# [Record extracts]
● ● ● ● ● ● ●

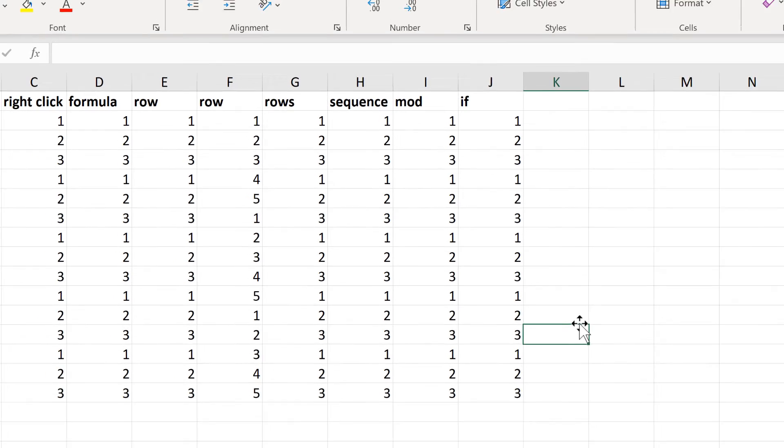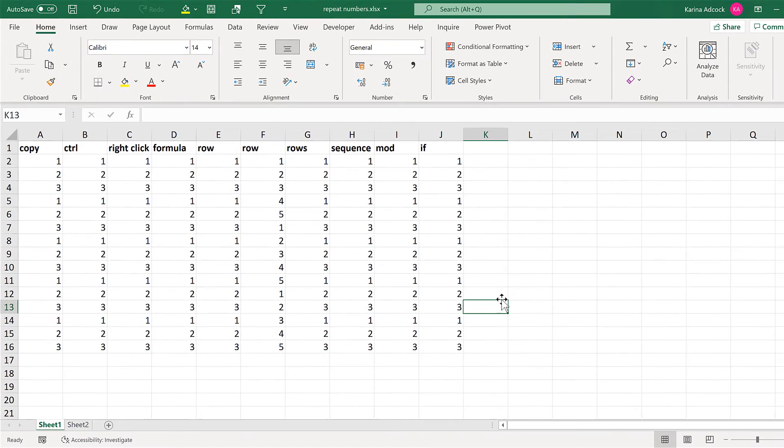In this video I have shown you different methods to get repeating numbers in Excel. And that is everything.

● ● ● ● ● ● ●

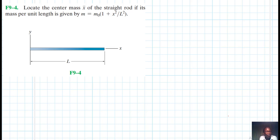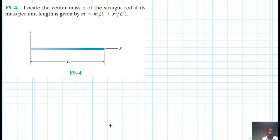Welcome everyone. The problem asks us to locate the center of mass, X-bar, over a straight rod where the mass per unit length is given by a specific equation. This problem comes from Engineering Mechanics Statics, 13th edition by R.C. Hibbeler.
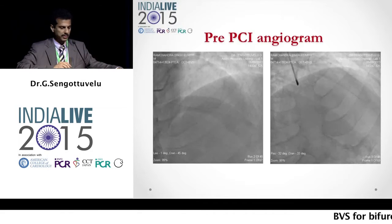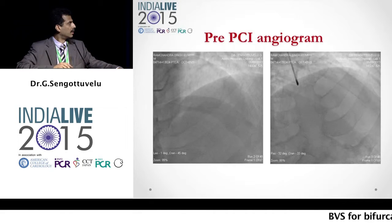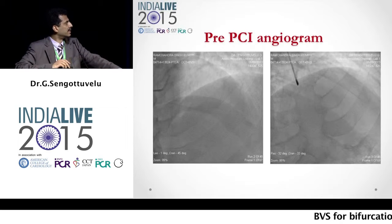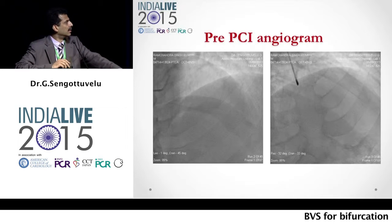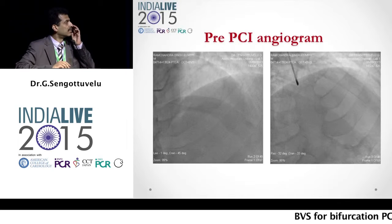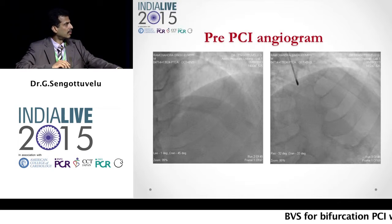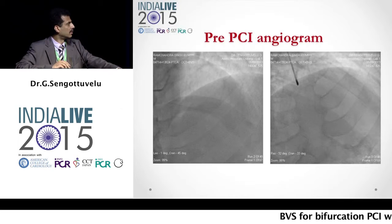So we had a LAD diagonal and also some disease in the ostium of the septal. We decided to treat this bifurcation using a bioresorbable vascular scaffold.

● ● ● ● ● ● ●

# [Exercise description]
Exactly the lines starting at the one above with "Welcome everyone. The" and ending at the one with "So we had a" should be printed, and nothing else. Omit the pictures.

# [Task answer]
Welcome everyone. The problem asks us to locate the center of mass, X-bar, over a straight rod where the mass per unit length is given by a specific equation. This problem comes from Engineering Mechanics Statics, 13th edition by R.C. Hibbeler.
So we had a LAD diagonal and also some disease in the ostium of the septal. We decided to treat this bifurcation using a bioresorbable vascular scaffold.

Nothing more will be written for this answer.